Analysis and cloning of the ethylene-forming enzyme from tomato by functional expression of its mRNA in Xenopus laevis oocytes
- PMID: 2065651
- PMCID: PMC452880
- DOI: 10.1002/j.1460-2075.1991.tb07730.x
Analysis and cloning of the ethylene-forming enzyme from tomato by functional expression of its mRNA in Xenopus laevis oocytes
Abstract
The last step in biosynthesis of the plant hormone ethylene, oxidation of 1-aminocyclopropane-1-carboxylic acid (ACC), is catalysed by the elusive ethylene-forming enzyme (EFE). EFE is induced by fungal elicitors in suspension-cultured tomato cells. We demonstrate that Xenopus laevis oocytes injected with RNA from elicitor-treated tomato cells gain the ability to convert ACC to ethylene.
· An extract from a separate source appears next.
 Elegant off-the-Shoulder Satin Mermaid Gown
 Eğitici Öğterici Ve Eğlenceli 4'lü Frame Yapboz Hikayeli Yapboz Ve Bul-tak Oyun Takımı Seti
The enzyme expressed in the oocytes under the direction of plant RNA is indistinguishable from genuine plant EFE with regard to its saturation kinetics, its iron dependency and its stereospecificity to the diastereomeric ethyl derivatives of ACC, allocoronamic acid and coronamic acid. In tomato cells stimulated for different times with elicitor, the level of EFE correlates with the level of RNA directing EFE expression in oocytes. Hybridization and co-injection experiments demonstrate that the tomato RNA species directing EFE expression in oocytes are homologous to clone pTOM13 which has been shown to inhibit ethylene production in plants when expressed in antisense. Using a cDNA library from elicitor-stimulated tomato cells, we have isolated several homologues of pTOM13 and identified one of them, pHTOM5, as a clone of EFE on the basis of its functional expression in the Xenopus oocytes.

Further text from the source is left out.